[What you need to do] The whole listing is to be restated word for word with no images.

[Input data]
┏━━

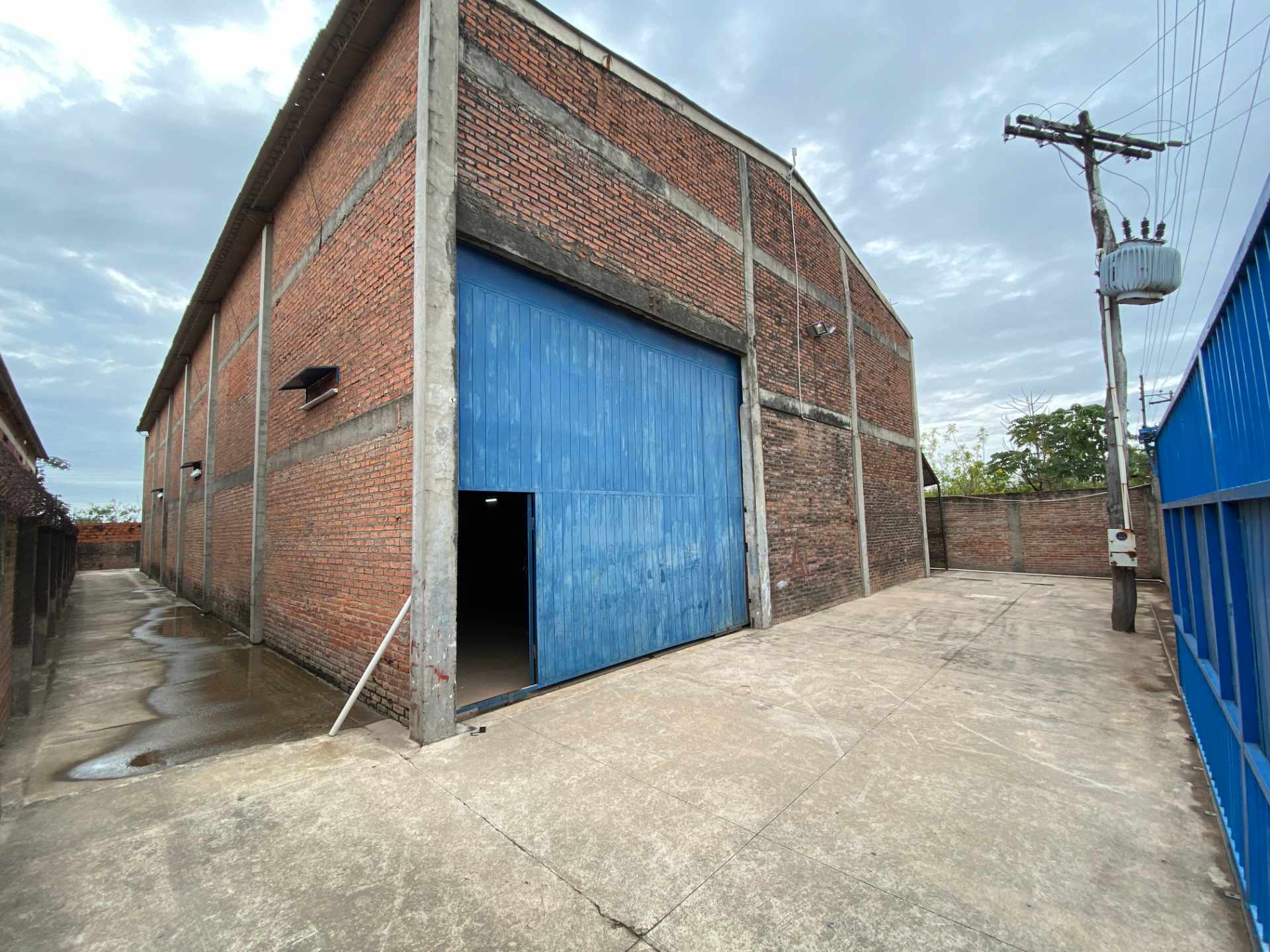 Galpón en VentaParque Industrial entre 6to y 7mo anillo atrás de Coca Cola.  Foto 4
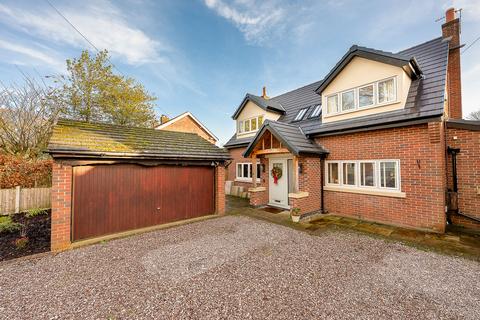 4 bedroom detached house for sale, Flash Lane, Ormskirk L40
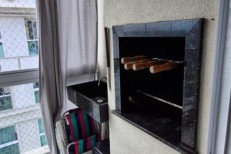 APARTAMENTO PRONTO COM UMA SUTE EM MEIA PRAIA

┗━━

[The completed task]
 Galpón en VentaParque Industrial entre 6to y 7mo anillo atrás de Coca Cola.  Foto 4
 4 bedroom detached house for sale, Flash Lane, Ormskirk L40
 APARTAMENTO PRONTO COM UMA SUTE EM MEIA PRAIA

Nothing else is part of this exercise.